There are currently 57 animated movies which fall under the category of Walt Disney Animated Classics. Aladdin is the 31st.
Of the 57, Aladdin is without a doubt one of the best; up there with the likes of Beauty and the Beast (1991), The Little Mermaid (1989) and The Lion King (1994). It is arguably a faultless piece of animation, which boasts fantastic tunes, a healthy dose of adventure, and one of the best vocal performances from the late, great Robin Williams.
This new live-action take on Aladdin tries to match the original, but unfortunately it falls a little short. That’s not to say this is a bad adaptation -it isn’t – it just simply can’t compete with what has come before.
The good news is that Will Smith isn’t as bad as some had predicted. The CGI that is used to bring his Genie to life is pretty ropey at times, but Smith himself is fine. Some of his vocal choices feel a bit off and he butchers the opening song (Arabian Nights), but once the movie settles into its groove he becomes a lot of fun. He also gets an interesting side story which helps develop his character – something not included in the original.
The bad news is that Marwan Kenzari is as lacklustre as you’ve heard. His take on the villainous Jafar is woefully pedestrian, and is devoid of the oomph needed to be a Disney icon. As for his interactions with his parrot Iago, well, they’re just not there – Iago is a completely wasted character, which is a shame as he was SO GOOD in the original movie, as well as the subsequent film/TV spin-offs.
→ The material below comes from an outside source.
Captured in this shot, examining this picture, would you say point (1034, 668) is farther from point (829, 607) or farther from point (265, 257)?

As for everything else, all the content lifted from the animated movie works well; the addition of a new character (Dalia) and a new song (Speechless) enhance the story; and Naomi Scott and Mena Massoud are perfect as Jasmine and Aladdin, respectively. These two are magical together and embody their animated counterparts effortlessly.
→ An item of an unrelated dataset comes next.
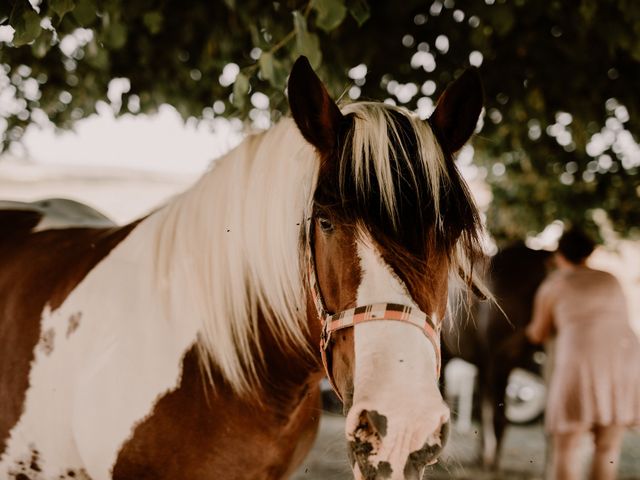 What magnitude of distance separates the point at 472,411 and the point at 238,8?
18.5 ft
Massoud is great as street rat-cum-prince, Aladdin and is a likeable lead. But it’s Scott who is the star of this picture, bringing a real strength to Jasmine that has not been seen before.
So, did I like Aladdin?
Yes – but the shadow of the original looms large and it’s pretty much inescapable.
Ultimately, this is a movie that is fine to watch and certainly is enjoyable, yet when an already perfect version exists, is there much point with a new one?
I guess that’s for audiences to decide.
For me, I liked what I saw (well, mostly – it did seem a little ‘unfinished’ in places), but when I next get a desire to revisit Aladdin, I know it’ll be the animated version I jump to. So not bad, but not the ultimate version of this story.